After a year, the Pauverts told Gresham it was time for culinary school.
“Things happen for a reason, I’m sure, you know?” Gresham said. “She pulled me to the side and she said, ‘You gotta go learn.’ ”
In 2005, Gresham came to Louisiana. He had no connections to the state. He just wanted to cook in the South, and he breezed through culinary school. Some of the city’s highest-profile restaurants quickly took notice.
“I was supposed to come here, go to culinary school, then go back out to Colorado and work with Marco and Rebecca,” Gresham said. “They were the reason I moved here. They pushed me out. I called them after culinary school, and they said, ‘Stay there and see what happens.’ ”
In just three years, Gresham was promoted to head chef at Galatoire’s Bistro in Baton Rouge (then on Highland Road), and started working with general manager Jeffrey Conaway, who would help him open Beausoleil in 2010. Through his work, he met local restaurateurs Michael Boudreaux and Kenny Juban. By 2008, conversations began to percolate on a new restaurant.
“It was a recipe for a perfect storm,” Gresham said. “Jeff and I had built this clientele. People were excited we were all coming together.”
The evolution from idea to actual restaurant was quick. The restaurant opened at 7731 Jefferson Highway on Oct. 22, 2010.

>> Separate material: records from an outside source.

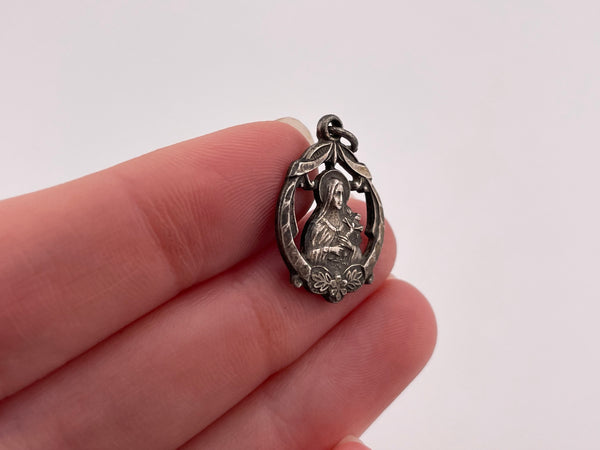 sterling silver religious St Therese pendant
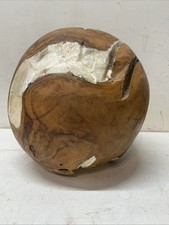 Large 12.5” Teak Root Ball With Shell Inlaid in the Recesses Over 31 Pounds picture
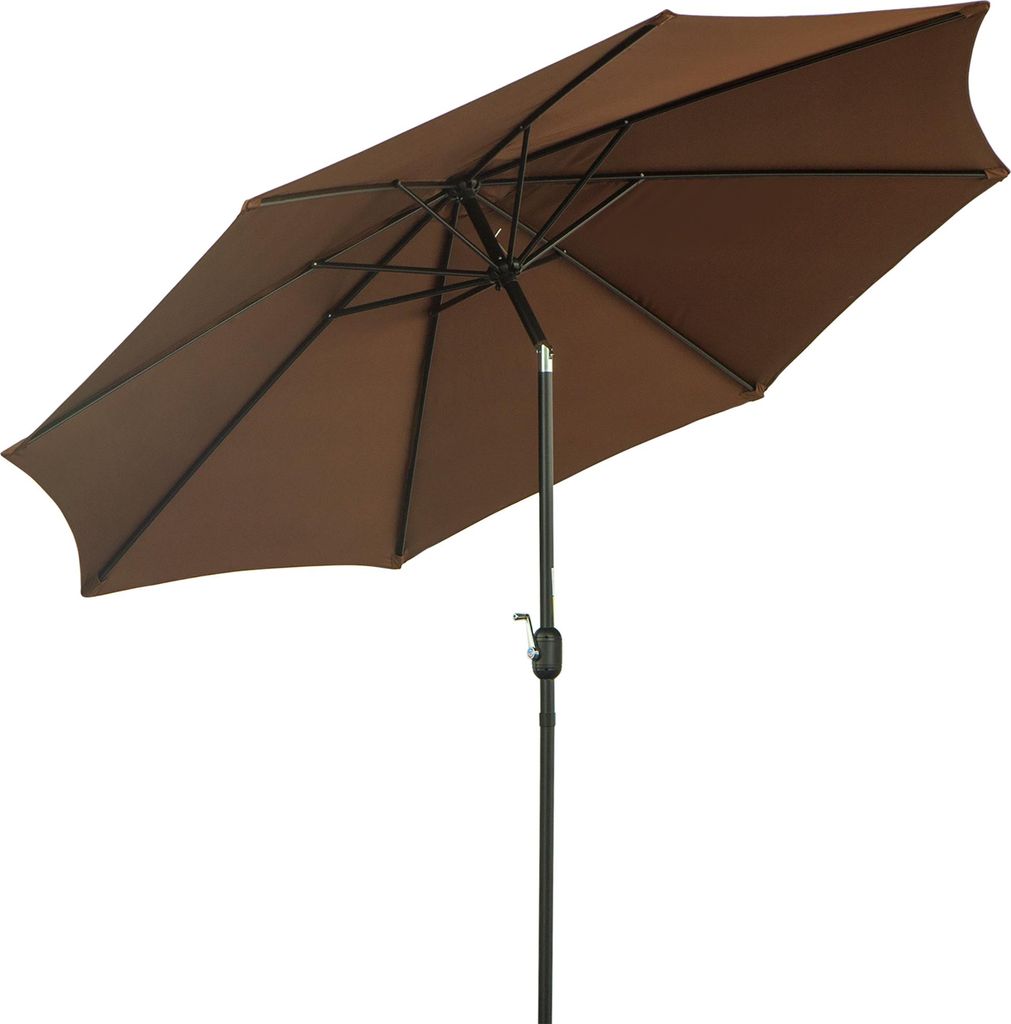 Sonnenschirm Knickschirm Gartenschirm Marktschirm mit Handkurbel Stahl 180/m² Polyester Braun Ø2,95 x 2,5 m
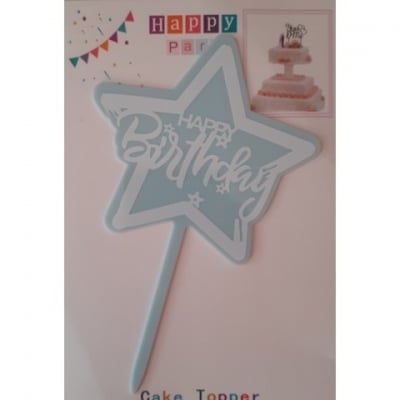 Топер за торта Happy Birthday светлосиня звезда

Nearly six years later, Gresham is busier than ever.
On a recent morning, the 34-year-old was slurping a cup of black coffee at Christina’s downtown, a landmark breakfast and lunch spot on St. Charles Street that he, Conaway and the Juban’s owners took over after owner Christina Bannister died in January 2015.
Gresham was still full of energy, his eyes darting back and forth, his leg hopped nervously as he recounted when he first moved to Louisiana, the techniques he learned from Marco in his back pocket.
“I had a hard time selling his French pâtés and terrines at Galatoire’s,” Gresham said. “I couldn’t get rid of them. Maybe, I wasn’t selling them right. I was 24, maybe 25, years old. Maybe no one trusted me.”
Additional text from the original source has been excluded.